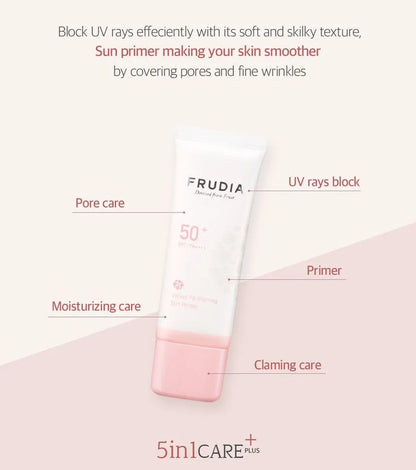FRUDIA Velvet Fit Blurring Sun Primer, 40g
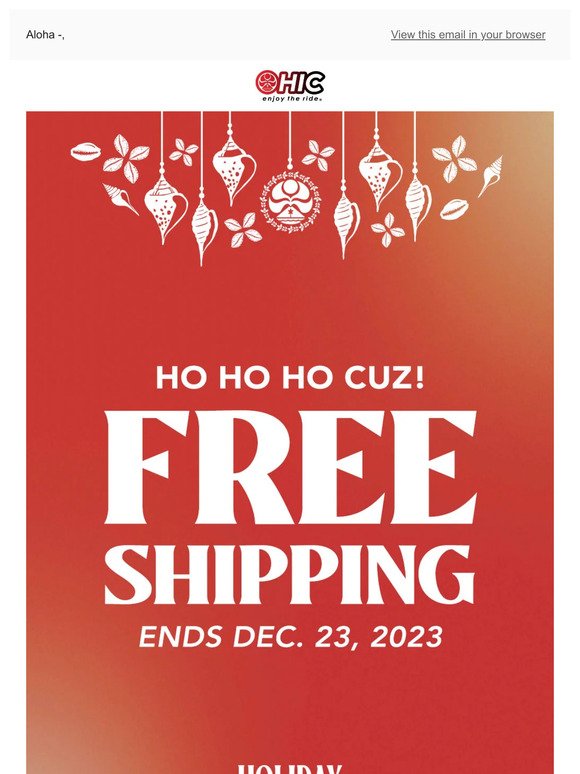 Ho Ho Ho Cuz! FREE SHIPPING!🎄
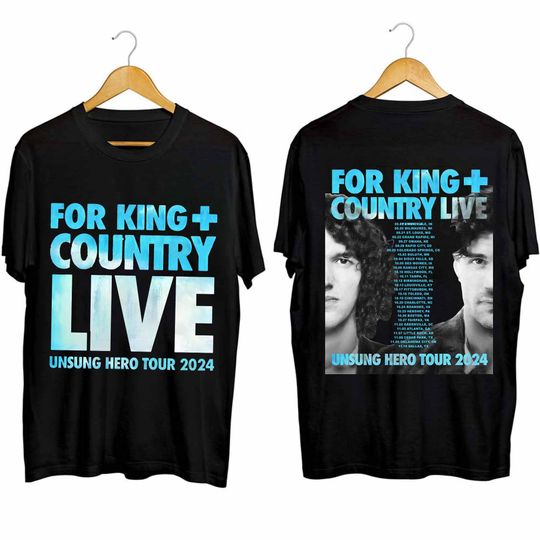 For King + Country Unsung Hero Tour 2024 Shirt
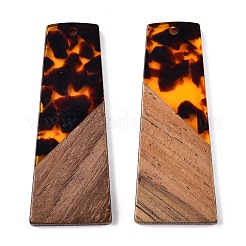 Подвески из непрозрачной смолы и ореха&nbsp;RESI-T058-04C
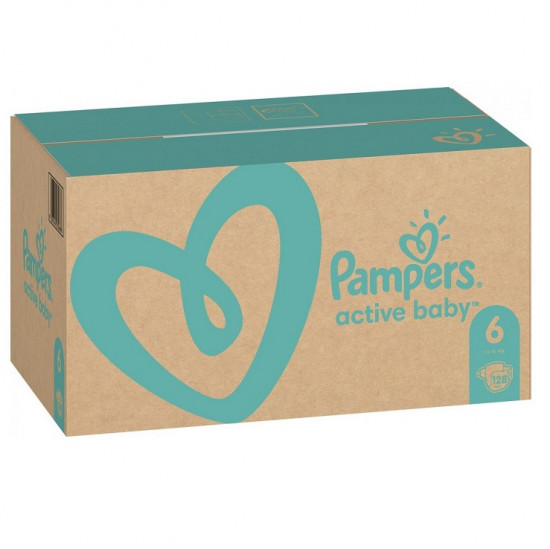 PAMPERS Active Baby 6 128 ks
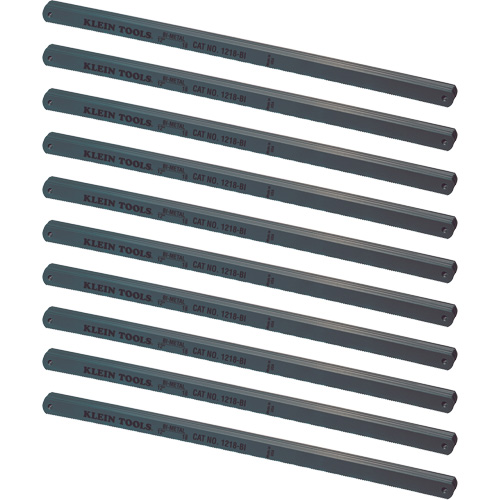 Lames de scie &agrave; m&eacute;taux, Bim&eacute;tal, 12" lo, 18 dents par pouce - Klein Tools 1218BI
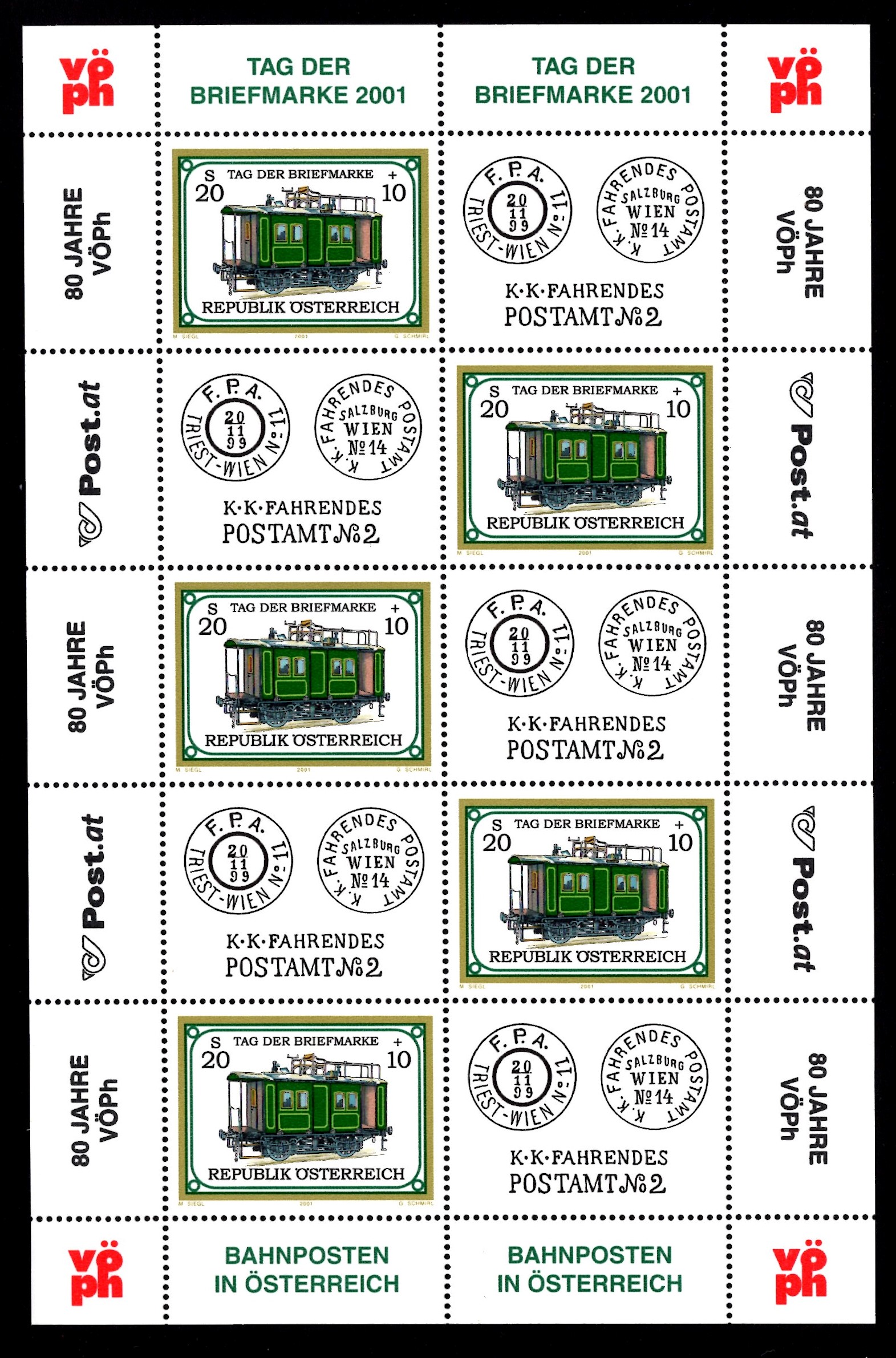 Österr KLBG Tag der Briefmarke 2001 Michel-Nr 2345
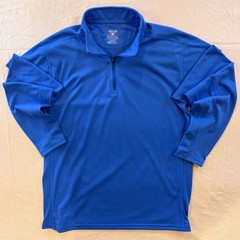 Arborwear Tech 1/4 Zip Pullover Mens M Cobalt Blue Drirelease Athletic Workwear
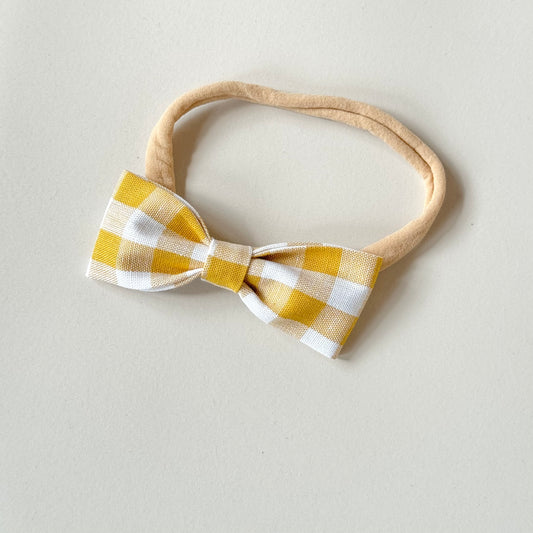 Golden Check Headband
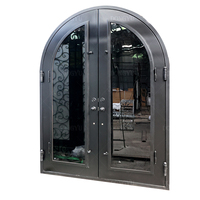 Puertas de Entrada de Hierro Forjado Modernas Dongyu, Antirrobo, para Villa, Apartamento, Dormitorio, Puerta Exterior Arqueada de Hierro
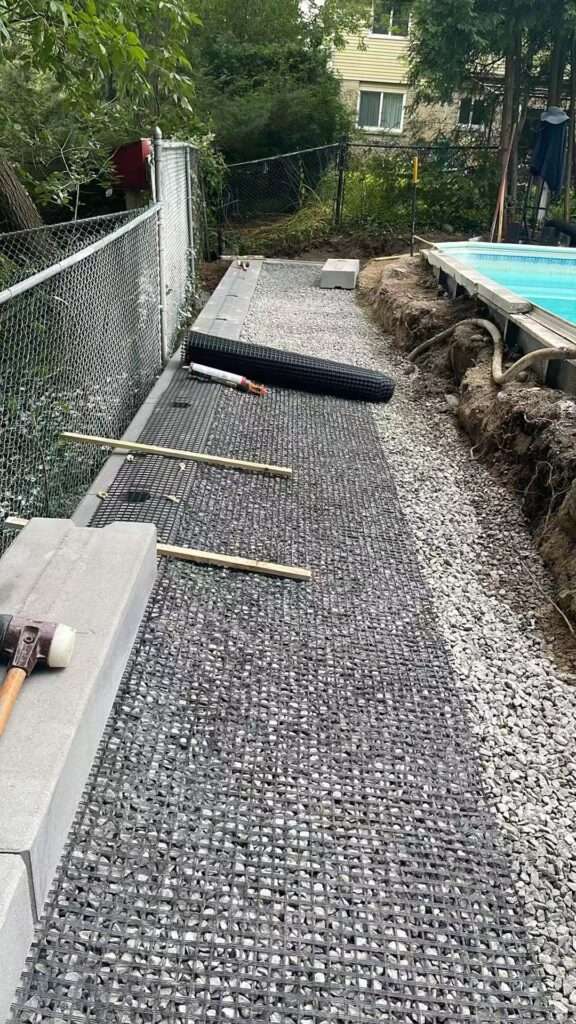 ground preperation-interlocking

------------------------------

Please repeat everything in the data above except the pictures, exactly as it reads.

* Answer space:
FRUDIA Velvet Fit Blurring Sun Primer, 40g
 Ho Ho Ho Cuz! FREE SHIPPING!🎄
 For King + Country Unsung Hero Tour 2024 Shirt
 Подвески из непрозрачной смолы и ореха&nbsp;RESI-T058-04C
 PAMPERS Active Baby 6 128 ks
 Lames de scie &agrave; m&eacute;taux, Bim&eacute;tal, 12" lo, 18 dents par pouce - Klein Tools 1218BI
 Österr KLBG Tag der Briefmarke 2001 Michel-Nr 2345
 Arborwear Tech 1/4 Zip Pullover Mens M Cobalt Blue Drirelease Athletic Workwear
 Golden Check Headband
 Puertas de Entrada de Hierro Forjado Modernas Dongyu, Antirrobo, para Villa, Apartamento, Dormitorio, Puerta Exterior Arqueada de Hierro
 ground preperation-interlocking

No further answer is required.